The feature of interest is the choke FB1 in the ground line to create a separate "AGnd" Analog ground. I think the intent might be to run the Max4466 amplifier on a clean ground, separate from the noisy digital ground.

Now, it's certainly a good idea to separate AVCC from VCC with a choke, (as is done here with FB2), and bypass it with a cap to ground (not done here).

However, the choke in the ground conductor is a problem. The microphone and amp inputs are referenced to AVCC, but the amp output is referenced to the external ground. The consequence surely must be that half the noise on (external) VCC (JP1 pin 1) appears at the analog output (JP1-pin 3).

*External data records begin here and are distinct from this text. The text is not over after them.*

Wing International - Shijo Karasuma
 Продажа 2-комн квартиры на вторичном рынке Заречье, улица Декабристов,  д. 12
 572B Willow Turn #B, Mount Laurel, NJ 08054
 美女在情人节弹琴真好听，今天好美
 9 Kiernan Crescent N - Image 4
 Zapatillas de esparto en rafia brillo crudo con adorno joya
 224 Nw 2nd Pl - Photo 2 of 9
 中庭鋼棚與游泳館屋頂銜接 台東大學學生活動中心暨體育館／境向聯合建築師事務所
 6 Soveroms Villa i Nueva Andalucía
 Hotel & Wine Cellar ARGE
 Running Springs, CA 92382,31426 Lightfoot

And indeed, this circuit produces very noisy output, when used, for example, with an Arduino and an SD card module as a sound recorder. (SD cards are latter notorious for VCC noise while writing.) This is greatly improved by replacing FB1 with a short, and adding better filtering in place of FB2.

My question:

In general, is there ever an argument in favor of putting chokes in the ground network to create ground branches that have some high-frequency isolation? My inclination is that grounds should always be as low-impedance as possible, with due regard to current flow issues, return paths etc to avoid unwanted voltage drops (star ground considerations etc), and not deliberately partitioned with chokes. But I've seen the addition of chokes to ground branches enough to wonder whether there is some argument in favor.

Best Answer

That's old practice.

PCB paritioning does not mean what you think it means. Partitioning means to separate components to different regions of the same single continuous ground plane so return currents of a noisy section don't flow under a sensitive section. Partioning components is better than splitting the ground plane (which is what your schematic is doing is called). It's really easy to make things worse by splitting than if you just did nothing in particular.